= Beginning of Section =

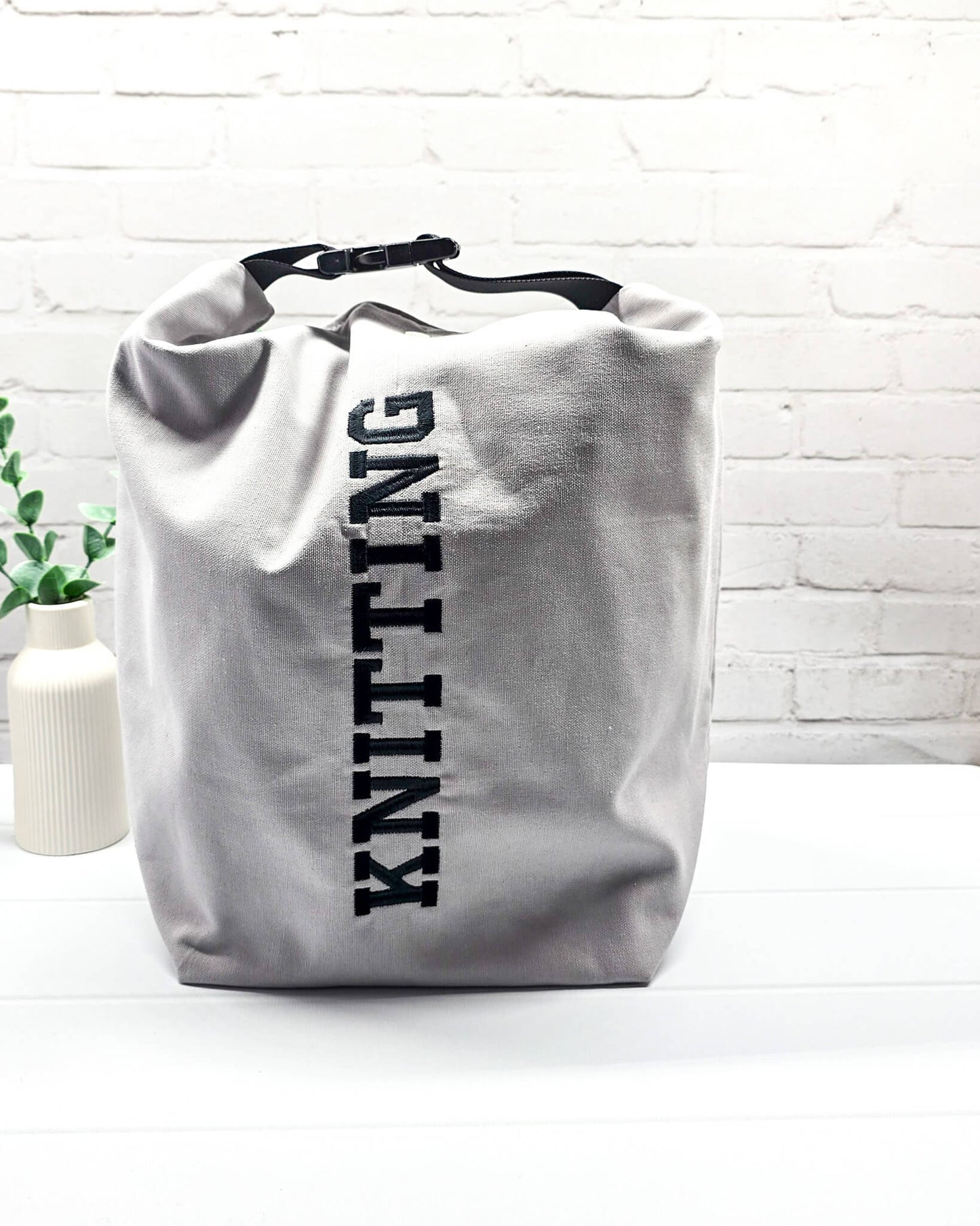 Projekttasche Rika im Roll-Top-Design aus hellgrauem Canvas mit vertikalem, schwarzem Schriftzug „KNITTING“ und schwarzem Gurtband-Verschluss. Handgenäht in Bayern von Nadelmikado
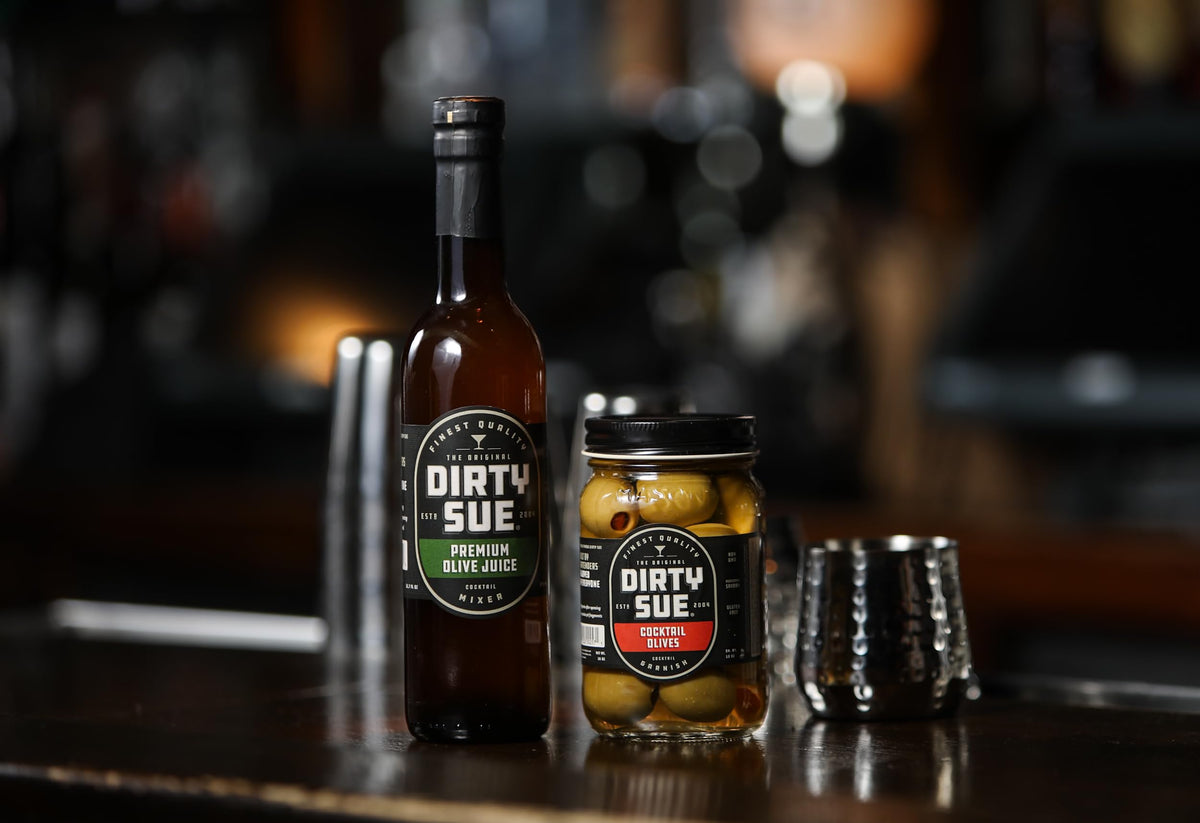 Professional bartender uses Dirty Sue brine in a cocktail setup.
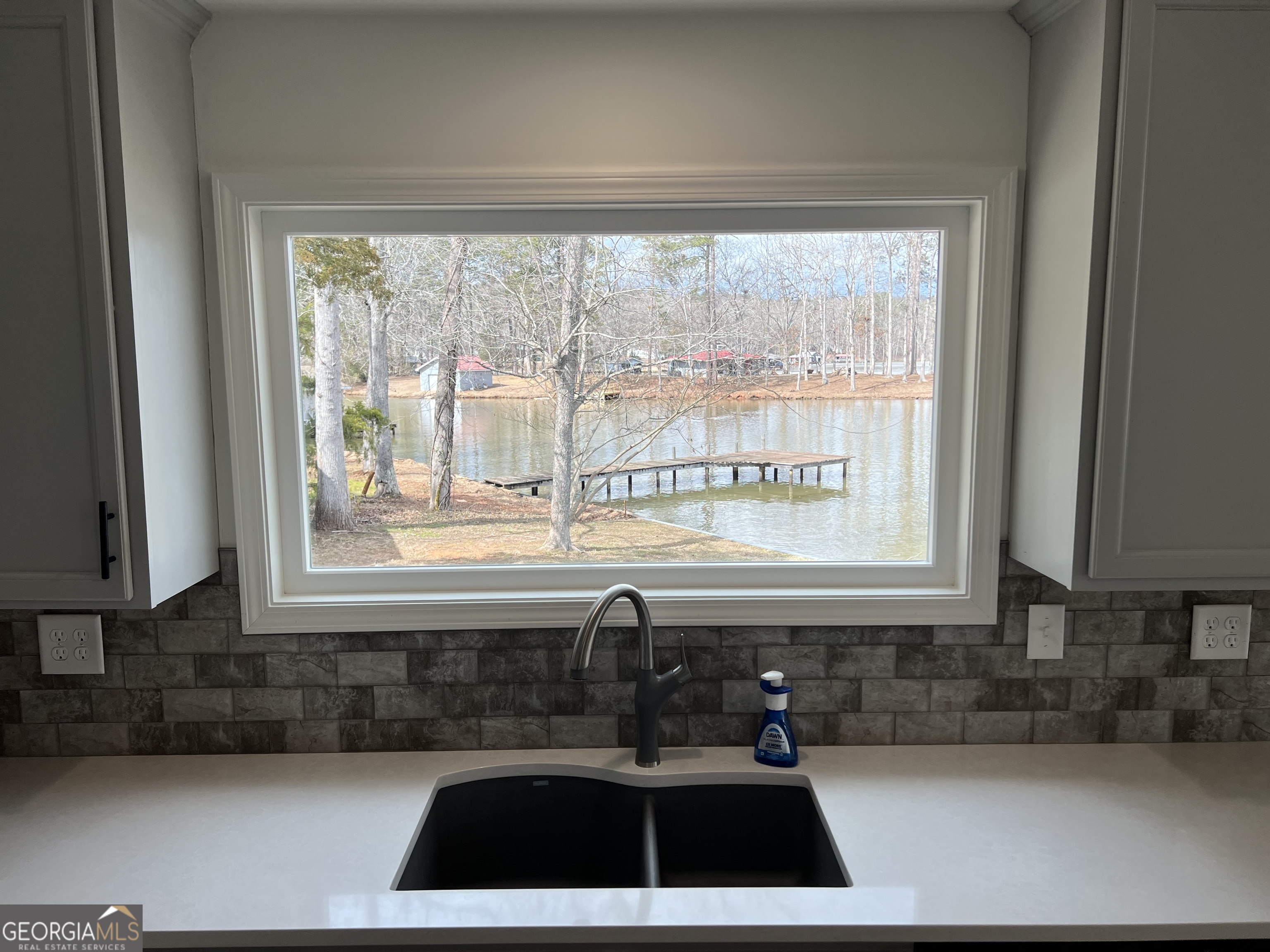 166 Montego Bay Road Northwest Milledgeville, GA 31061 - Photo 8 of 42 a kitchen with a sink and a window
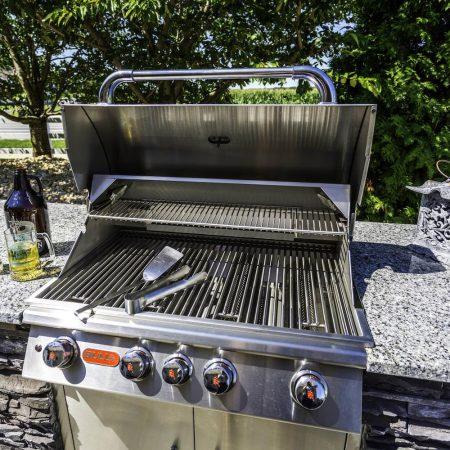 A stainless steel outdoor grill with its lid open, grilling tools on the grates, two mugs with drinks, a bottle, and a lantern on a stone countertop in a sunny backyard—perfect for outdoor kitchens or gatherings by luxury pools.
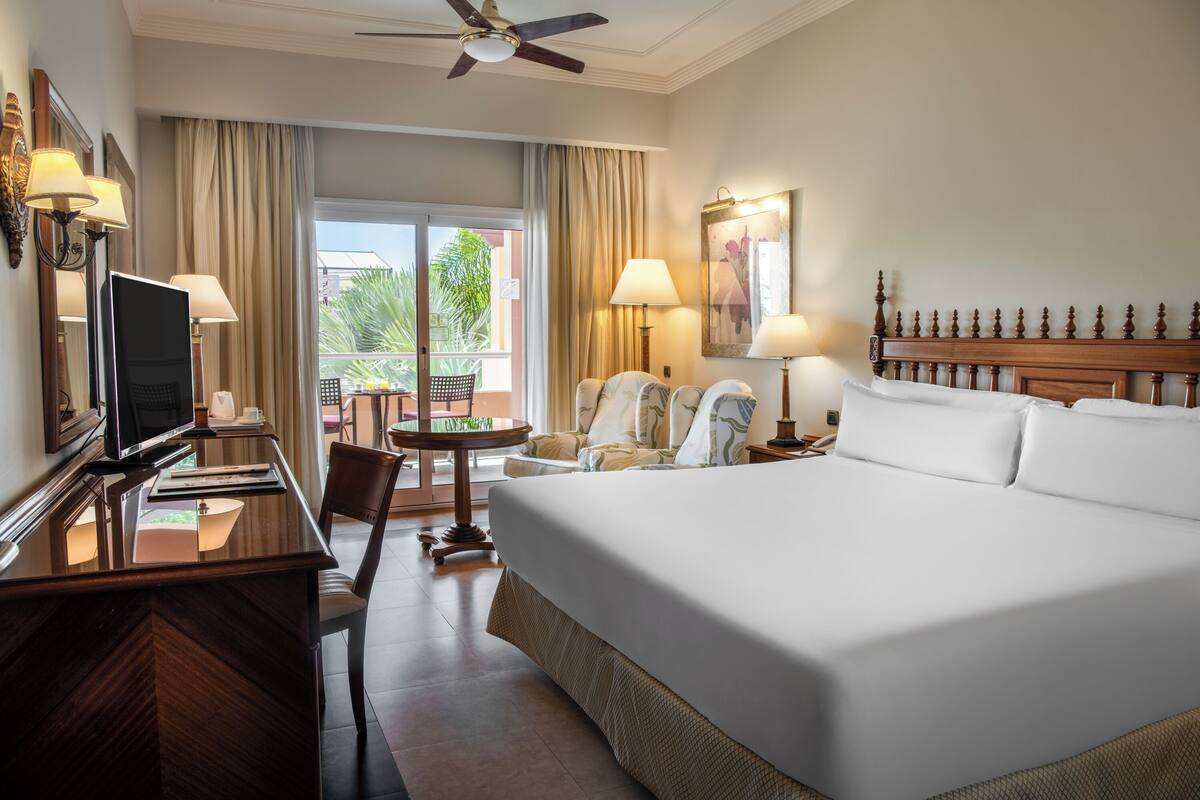 Une chambre d’hôtel avec un grand lit, un bureau avec une télévision, une chaise, une table et un balcon avec des rideaux.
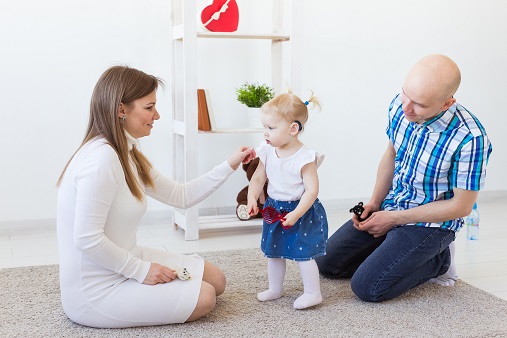 mor og far sitter på gulvet og snakker med barn med høreapparat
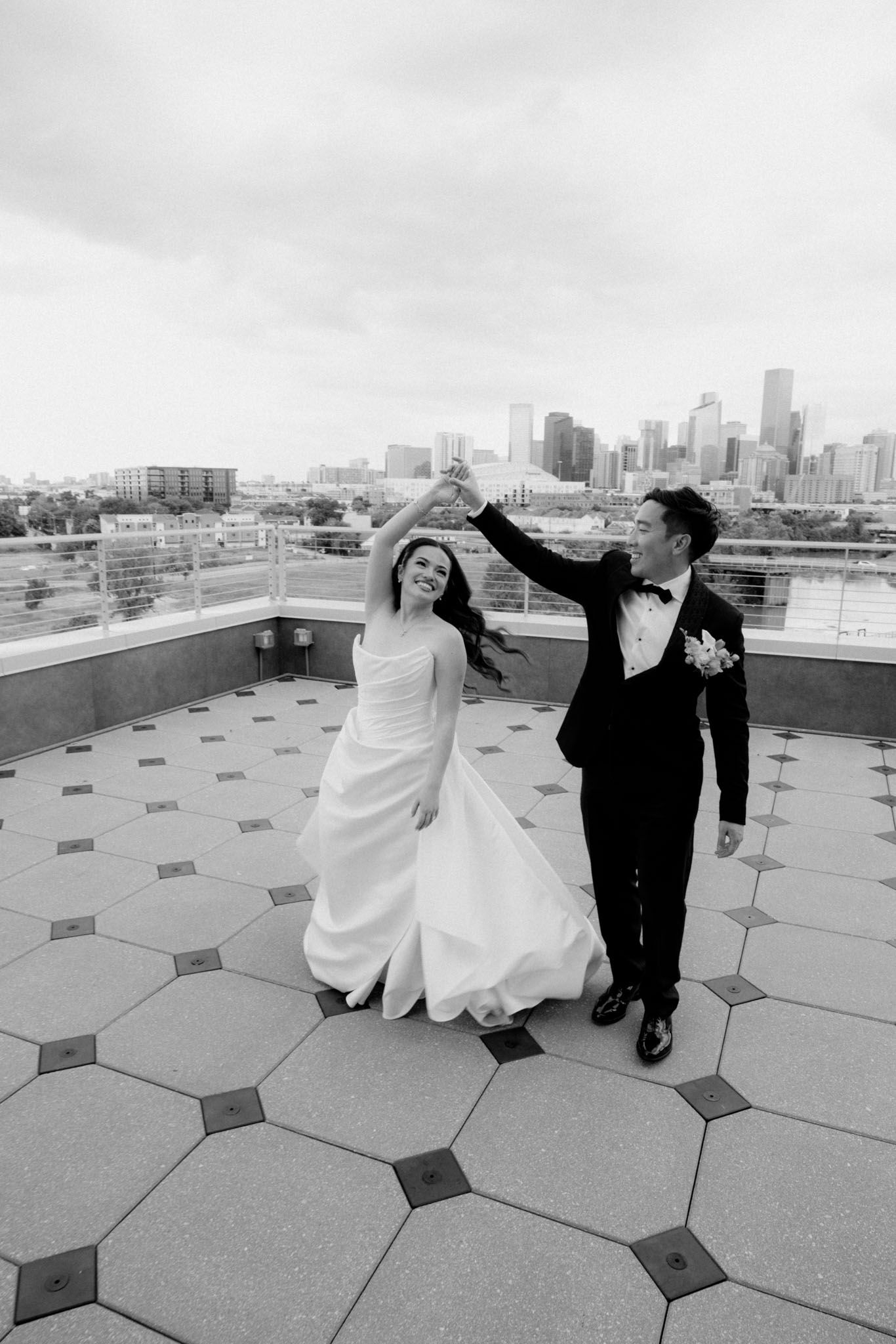 A couple dancing and twirling on a rooftop terrace with geometric patterned flooring and city skyline in background.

= End of Section =

WHAT YOU NEED TO DO: Copy out the whole listing exactly. Skip its pictures.

WRITTEN ANSWER:
 Projekttasche Rika im Roll-Top-Design aus hellgrauem Canvas mit vertikalem, schwarzem Schriftzug „KNITTING“ und schwarzem Gurtband-Verschluss. Handgenäht in Bayern von Nadelmikado
 Professional bartender uses Dirty Sue brine in a cocktail setup.
 166 Montego Bay Road Northwest Milledgeville, GA 31061 - Photo 8 of 42 a kitchen with a sink and a window
 A stainless steel outdoor grill with its lid open, grilling tools on the grates, two mugs with drinks, a bottle, and a lantern on a stone countertop in a sunny backyard—perfect for outdoor kitchens or gatherings by luxury pools.
 Une chambre d’hôtel avec un grand lit, un bureau avec une télévision, une chaise, une table et un balcon avec des rideaux.
 mor og far sitter på gulvet og snakker med barn med høreapparat
 A couple dancing and twirling on a rooftop terrace with geometric patterned flooring and city skyline in background.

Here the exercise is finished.